The following are examples of the configuration dialogs:
On your slave VM node host machine, create a pair of scripts specific to your host to allow Jenkins to invoke the sub-scripts. For example:
start_gitvm.sh
#!/bin/bash
ROOTDIR=${HOME}/kata-containers-ci/VMs/metrics
if [ $# -ne 1 ]; then
echo "Require VM config name as only parameter"
exit 1
fi
cd ${ROOTDIR}
./6_start_clone_agent.sh $1
stop_gitvm.sh
#!/bin/bash
ROOTDIR=${HOME}/kata-containers-ci/VMs/metrics
if [ $# -ne 1 ]; then
echo "Require VM config name as only parameter"
exit 1
fi
cd ${ROOTDIR}
./7_delete_clone.sh $1
Add those scripts to the Jenkins node agent launch dialog, along with an echo
hack
to prevent Jenkins from launching the agent jar itself, such as the following:
The passing of the config_dir
parameter to the scripts from the Jenkins node
config dialog. This allows us to set up separate nodes for different configurations
to test.
It is recommended that you only schedule a single VM build on each bare metal host at a time. This can be achieved through use of labels, resources, and locks in the Jenkins UI to enforce exclusivity and serialisation.
To try and get a clean VM clone for each PR, we set the node to take itself offline as soon as it is idle, which shuts down and removes the previous cloned VM.
Jenkins does not currently allow us to configure the Idle delay to less than one minute.
If you need to make node specific modifications such as:
- Modify the
checkmetrics
TOML file to take into account the performance of your node. - Add in site specific configs, such as PROXY settings.
- Modify paths, such as the
Jenkins
user HOME path or path to the scripts.
The recommended procedure for any of the previous modifications is to make a fork of this repository and keep your local modifications in a branch that tracks this main repository.

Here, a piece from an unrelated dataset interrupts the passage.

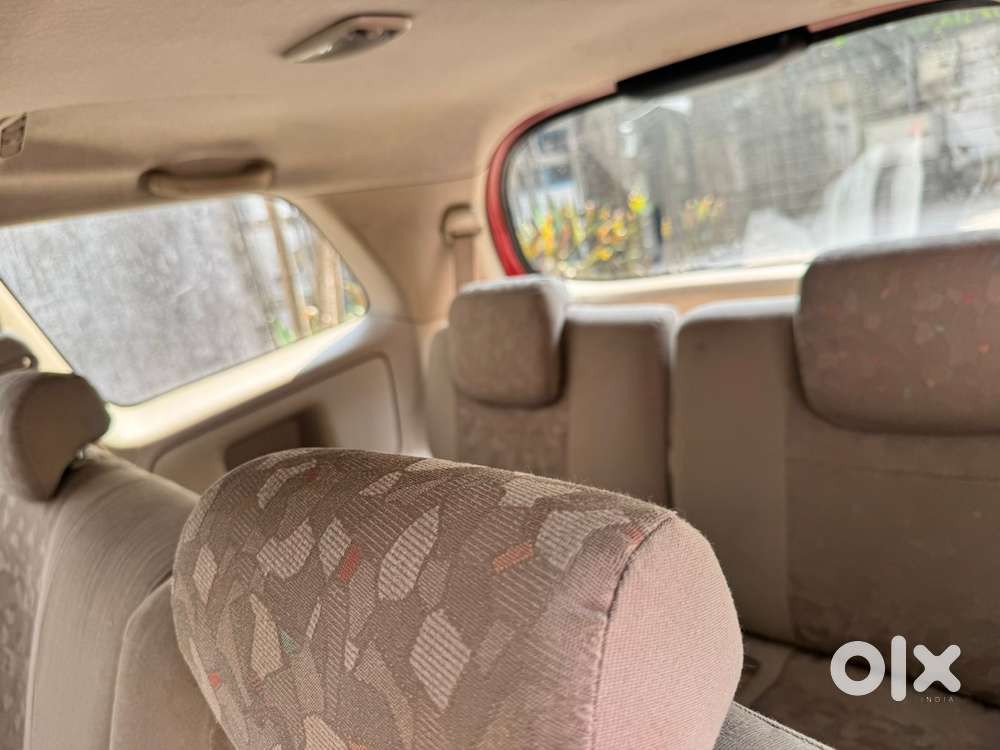 Toyota Innova 2004-2011 2.5 G4 Diesel 8-seater, 2006, Diesel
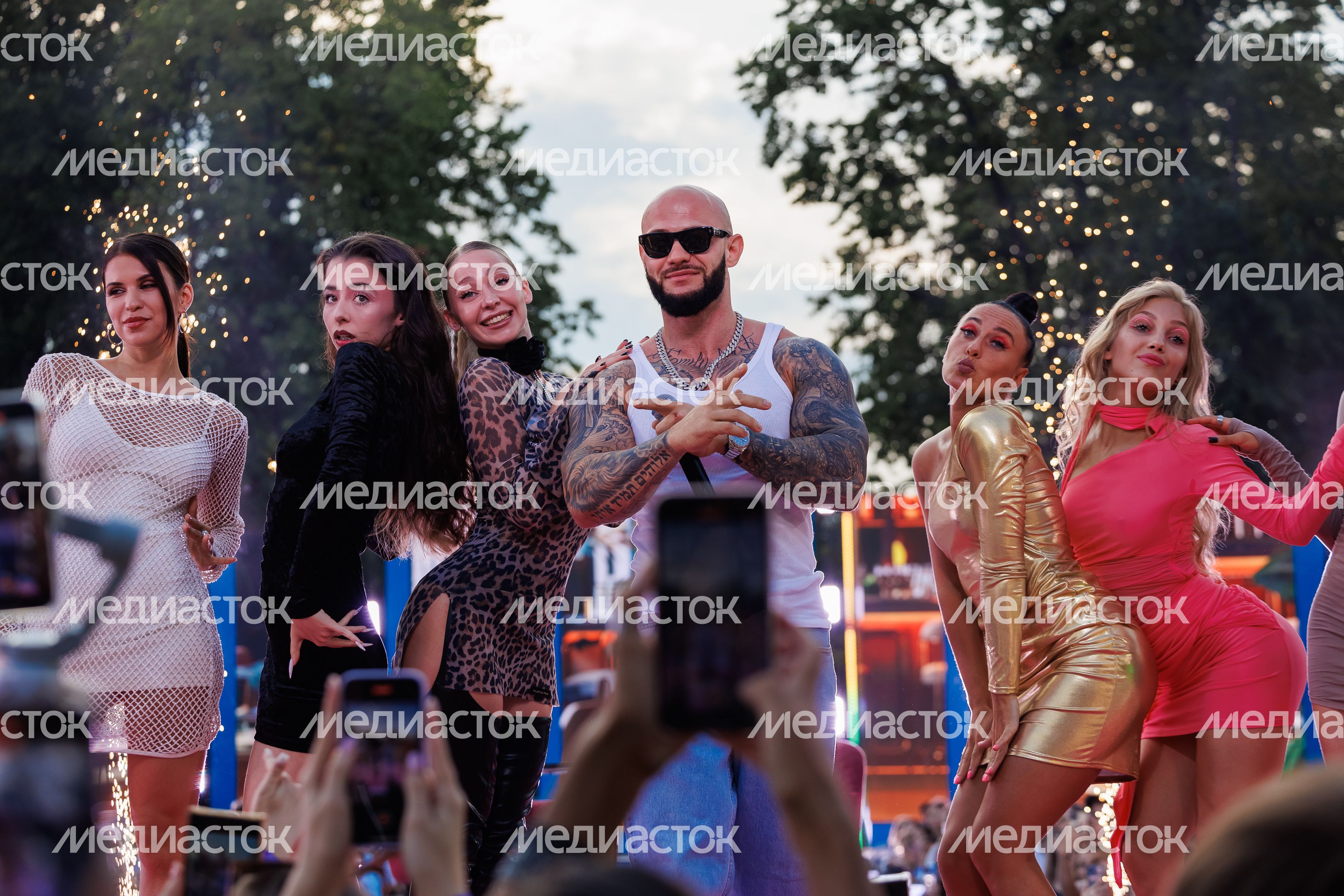 Рэпер Джиган на открытии VK Fest -2024 в московских "Лужниках"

To configure proxies in the cloud-init user-data
file is complex, as we need
to set up the proxies for a number of programs, including, apt
, git
, and docker
. To
make this process simpler, an example user-data.proxy
file
is included in the ubuntu16.04
subdirectory.
The default checkmetrics.toml
file provided in each distro subdirectory with the VM
scripts will probably not match the results produced on your particular system. You will
need to tune the checkmetrics.toml
file by doing a few test runs and determining the
values you require.
- Get Your Jenkins master/slave connection up and running and build jobs.
- Perform a few runs (>= 3). Expect them to fail the
checkmetrics
check. - Analyse the logs or the JSON files from those logs to determine the values your system produces.
- Edit the
checkmetrics.toml
file in the distro subdirectory on the agent machine. - Disable the slave in your Jenkins Master, and wait for all builds to finish.
One trick is to change any relevant slave label from say
metrics
tometricsX
to stop new jobs being scheduled on that slave. - Re-run scripts
2
and3
to rebuild the master VM image. - Re-enable the slave.
- Iterate from step (2) until you are satisfied with the results.